At grammar school they never stopped teaching us things. Learn to conjugate these verbs, these formulae, how to use a slide rule, to draw a sketch map of the Great Lakes (I still can, should you require it) to draw a diagram of a motte and bailey castle, this list of French nouns, adjectives that keep the E in Latin - - on and on and on.

Except in Art. In Art they taught us nothing. In Art we were given a piece of sugar paper and then had something plonked in front of us. We were to draw it, or sometimes to paint it with poster paints. Sometimes it was a plant. Frequently it was a still life. A pile of books with a ruler on the top. What could be more exciting for a class of thirteen-year-olds? A bowl of fruit. Whoopee.

Such things are only worth drawing if you have at least a morsel of an idea of how to draw them. What we did was start in the top left hand corner with an apple and then find that the apple was too big and the banana on the right-hand side wouldn't fit. Or that the apple was too small and you now had a drawing of a tiny bowl of fruit in the top left hand corner of a vast grey sugar-paper desert.

Occasionally we had a burst of using our imaginations where we were given a title such as "A Jungle" and we had to paint this. We all tried to put in monkeys, which we couldn't draw, and parrots, which we couldn't draw, and it was all very frustrating, apart from the snakes, which were easy, so we did lots of them. We drew our deformed parrots and monkeys and then coloured them in neatly and we knew this was not the way to great art but had no idea what was. My friend Sarah wisely stuck to lots of differently-coloured leaves and hers was a bit of a success and was put on the wall outside the Headmistress's study.

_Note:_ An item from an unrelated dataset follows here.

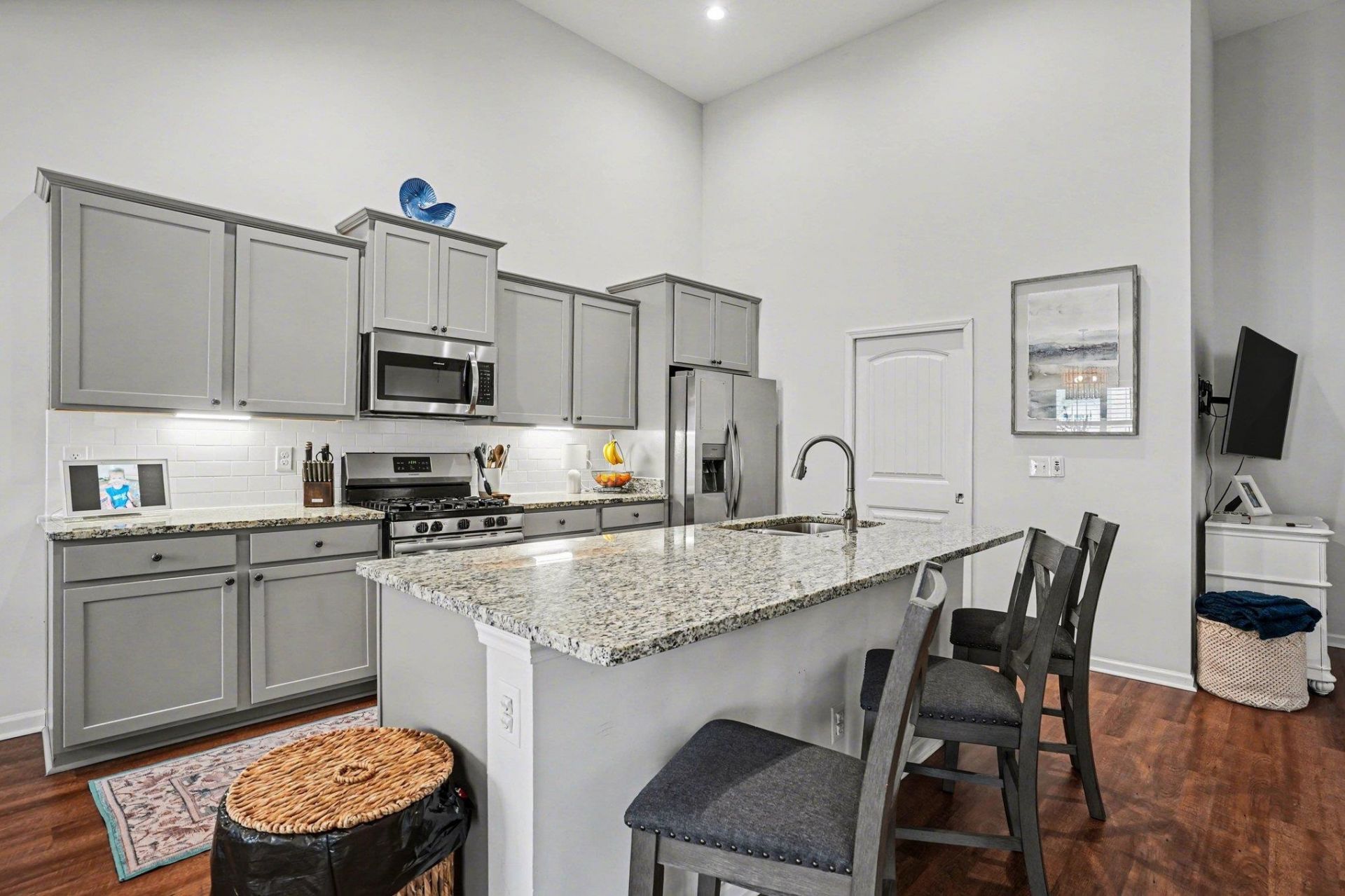 410 Grain Field Dr. Photo 10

Did either of the art teachers ever suggest a method for setting about this mysterious craft? Or suggest how to show where the light fell, or how to draw a shape, or how to work out where to put it on the paper, or indeed how to look at anything and see how it actually looked rather than how you assumed it would look? No, they did not. This was the early nineteen-seventies and school art was still trailing clouds of summer-of-love and free expression.

So, when our tiny-bowl-of-fruit or deformed-monkeys was finished, or as finished as it was ever going to get, one of the art teachers would come and look at it. They were both gentle women aged about ninety-three (almost all our teachers were ninety-three at the time, though, with hindsight, they may have been a bit younger than that).

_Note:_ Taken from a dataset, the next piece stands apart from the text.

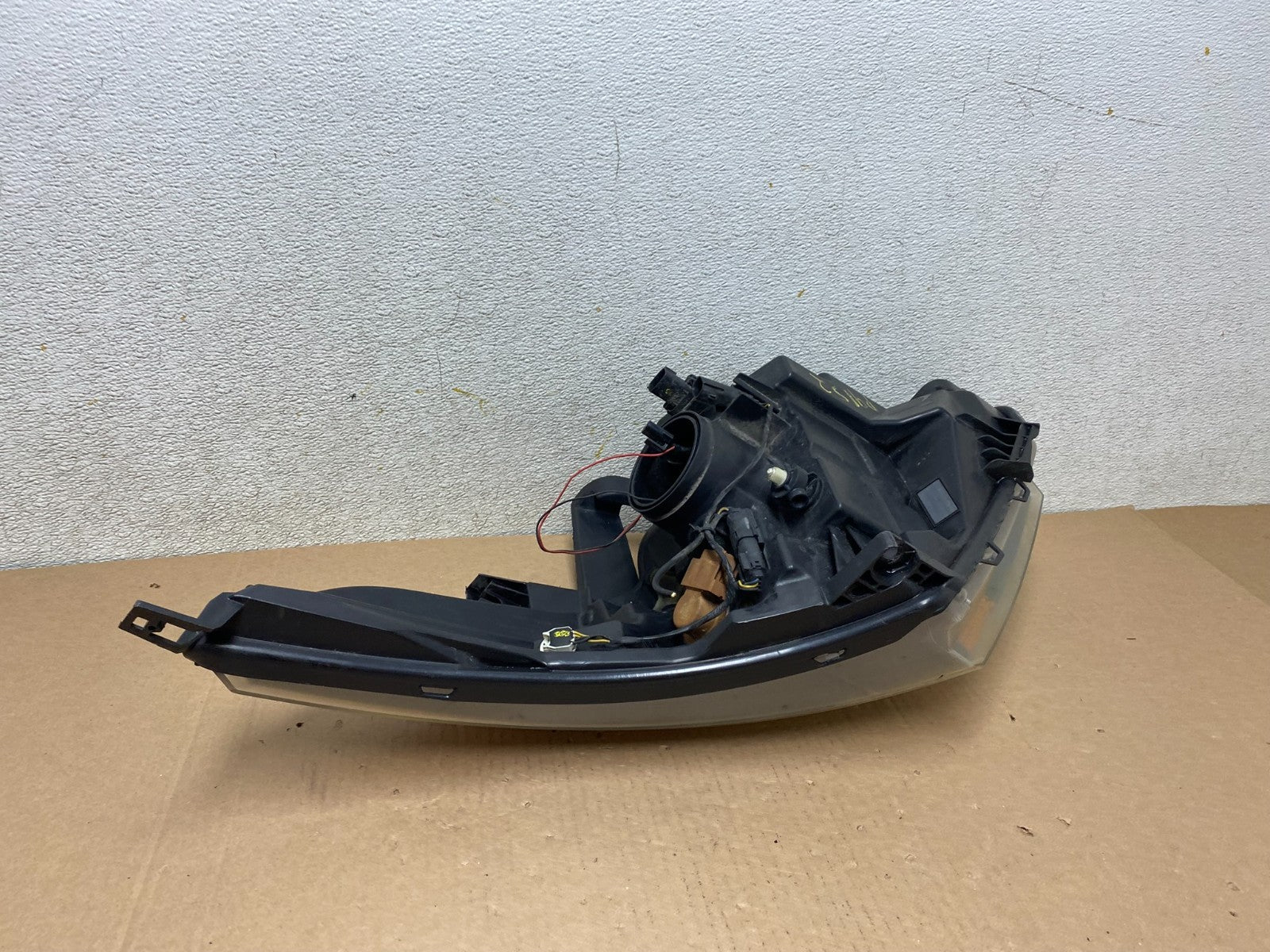 2011 to 2015 Ford Explorer Police Right Passenger Halogen Headlight Oem P9152 DW11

The art teacher stared at your picture for a while. If it looked reasonably like whatever you were trying to draw she would exclaim

"Ah! It's beautiful!"

If it looked nothing like anything at all and was a hideous mess of which you were deeply ashamed, she had a different exclamation.

"Ah! It's beautiful - - - of its kind."

Well-intentioned though they were, they failed us. They neither taught us the traditional skills of drawing and perspective, nor invited us to experiment with ideas and new materials. Our art lessons were one big missed opportunity.

In my brother's class at the middle school just down the road, they had a more lively approach and a skinny lad in my brother's class was no doubt doing terrible things to the school goldfish in his art lessons. His name was Damien Hirst.

1 Comments:

Blogger John said...

I have to thank Mrs Robinson for it was she who first suggested I went to Art School. "Who? What? Me?"

Up until Mrs Robinson the art lessons were a case of being given grey sugar paper and charcoal and told to draw. Which is a bit like being given some grass and a cow and told to bake a cake, or being given a tree and an axe and told to make a chest of drawers.

I remember Mrs Robinson's first art lesson: get a bit of cardboard [the revolution began] and draw a sort of fish, it doesn't have to look like a fish [sighs of relief from the class], now take some STRING, and some GLUE and, heaven forbid, SCISSORS and sort of run the string round the outline and stick it down and make coils of string for the eyes and scales and things, don't worry about how they look.

Now get some PRINTING INK [several members of the class suffered minor heart failure with the excitment] and a ROLLER, and... AND SOME WHITE PAPER. [The School Nurse had to be called].

Well we were away, and the results were stunning, but best of all WE liked the pictures.

There not so hard was it? Who ever it was in the Ministry of Education that ordered the Nation's Supply of Sugar Paper should have been shot.